• _Your task_: Make an exact copy, from the records below, of the lines from the line containing "East Jefferson's Jackson" to the line containing "Günbatımı bulutlarıyla dağların", both lines included, excluding pictures.

Segment Start: Exercise materials

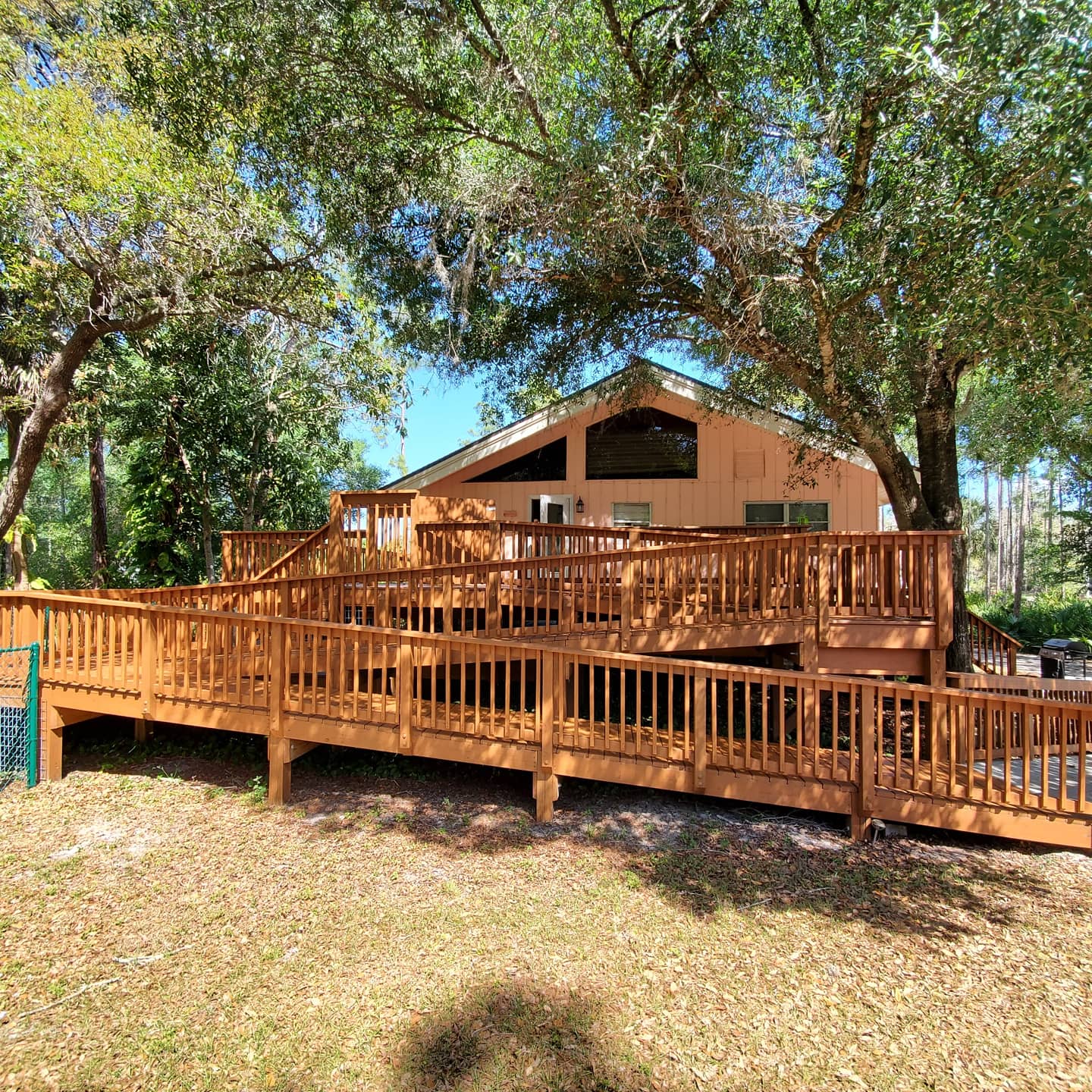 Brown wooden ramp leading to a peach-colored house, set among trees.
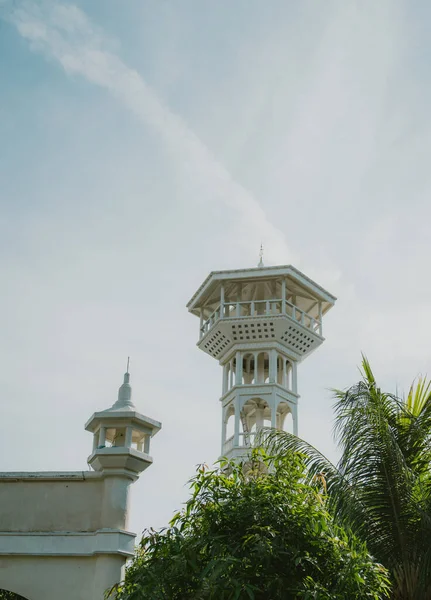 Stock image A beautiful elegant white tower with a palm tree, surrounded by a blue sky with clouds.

Segment End: Exercise materials
Segment Start: Exercise materials

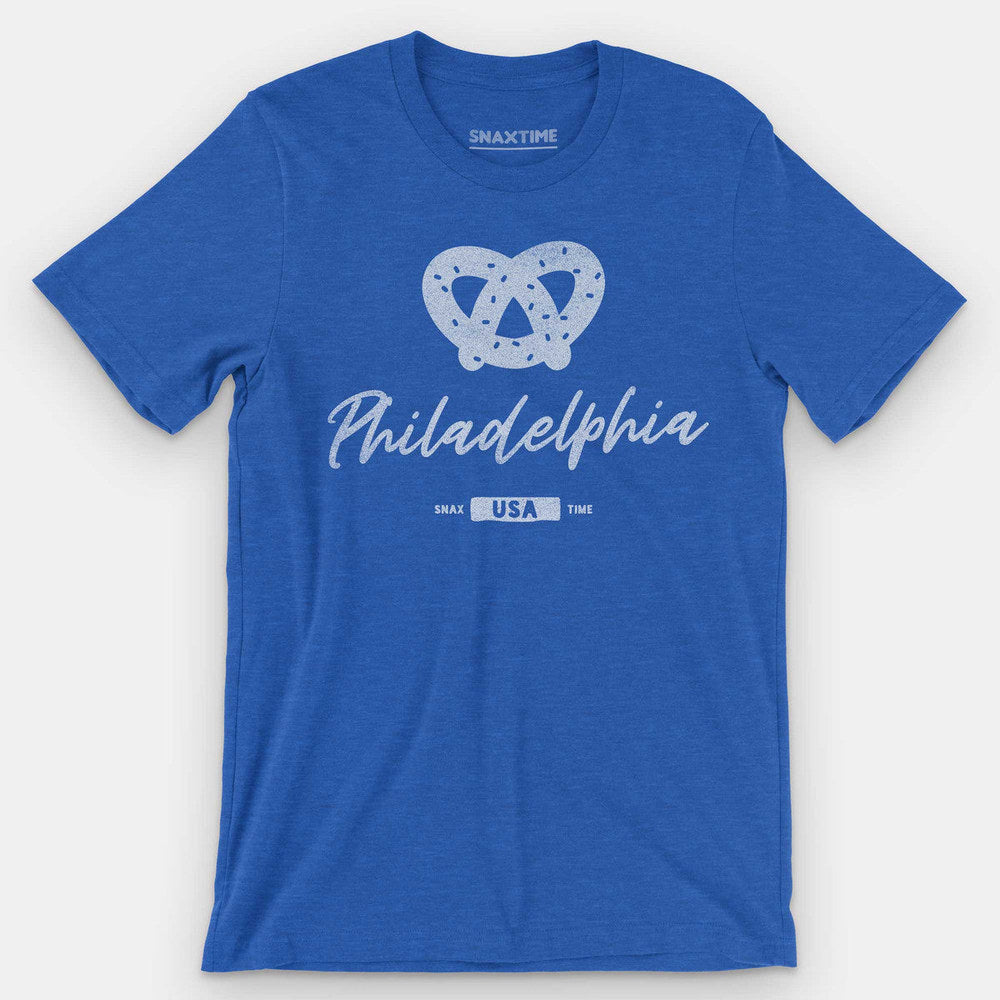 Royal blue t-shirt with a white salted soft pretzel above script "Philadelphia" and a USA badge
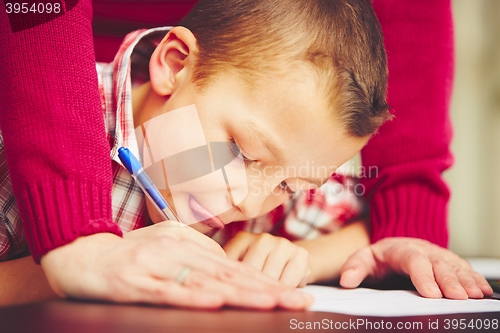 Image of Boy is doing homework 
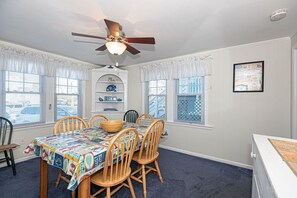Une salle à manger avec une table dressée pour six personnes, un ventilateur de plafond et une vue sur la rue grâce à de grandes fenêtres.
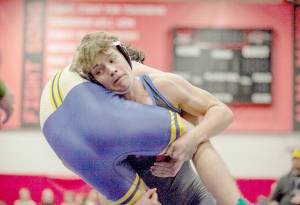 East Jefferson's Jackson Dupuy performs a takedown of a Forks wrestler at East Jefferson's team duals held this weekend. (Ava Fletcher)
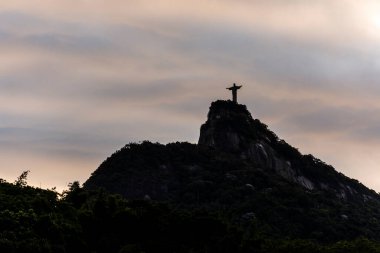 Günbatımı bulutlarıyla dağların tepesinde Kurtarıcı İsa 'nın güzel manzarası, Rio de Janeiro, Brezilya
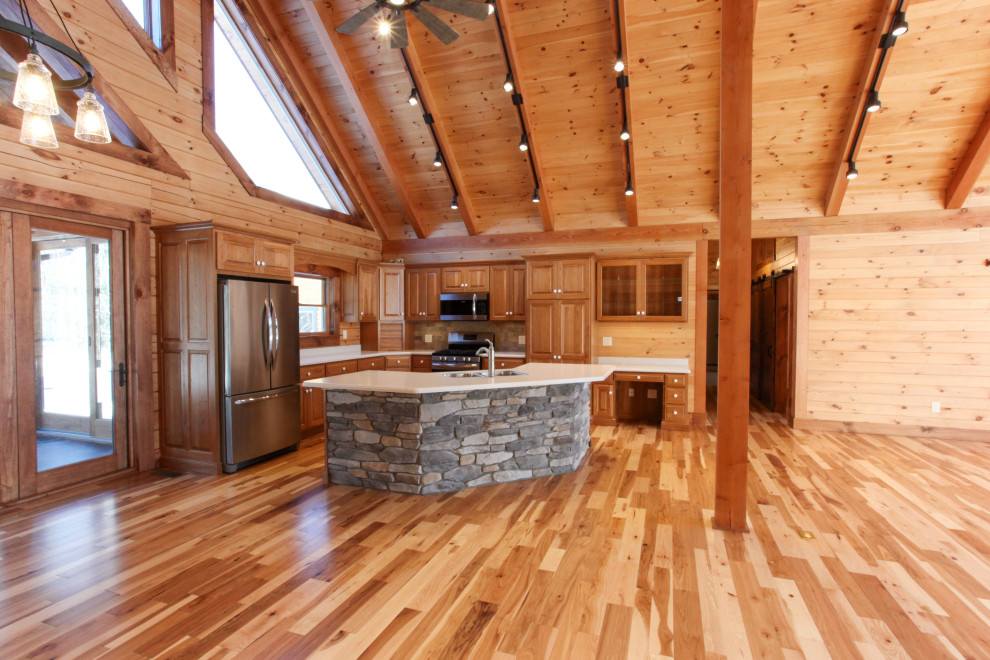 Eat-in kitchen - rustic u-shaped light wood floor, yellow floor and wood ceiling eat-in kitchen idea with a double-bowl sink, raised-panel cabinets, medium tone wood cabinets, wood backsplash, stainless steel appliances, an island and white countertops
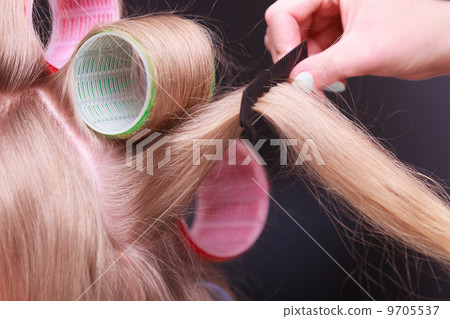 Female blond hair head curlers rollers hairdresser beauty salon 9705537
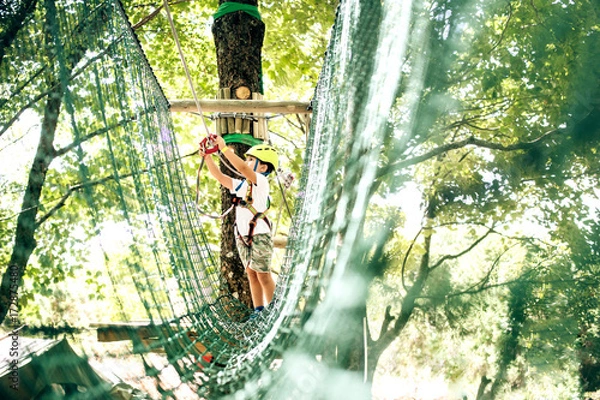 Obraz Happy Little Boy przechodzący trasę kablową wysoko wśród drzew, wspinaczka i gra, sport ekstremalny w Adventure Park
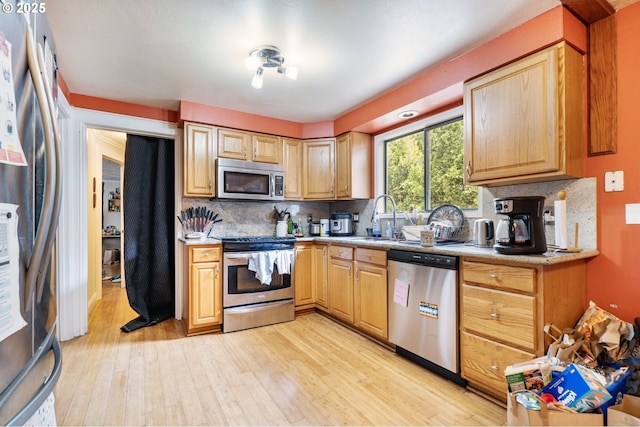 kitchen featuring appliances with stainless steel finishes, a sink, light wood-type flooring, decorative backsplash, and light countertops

Segment End: Exercise materials

• _Exercise output_:
 East Jefferson's Jackson Dupuy performs a takedown of a Forks wrestler at East Jefferson's team duals held this weekend. (Ava Fletcher)
 Günbatımı bulutlarıyla dağların tepesinde Kurtarıcı İsa 'nın güzel manzarası, Rio de Janeiro, Brezilya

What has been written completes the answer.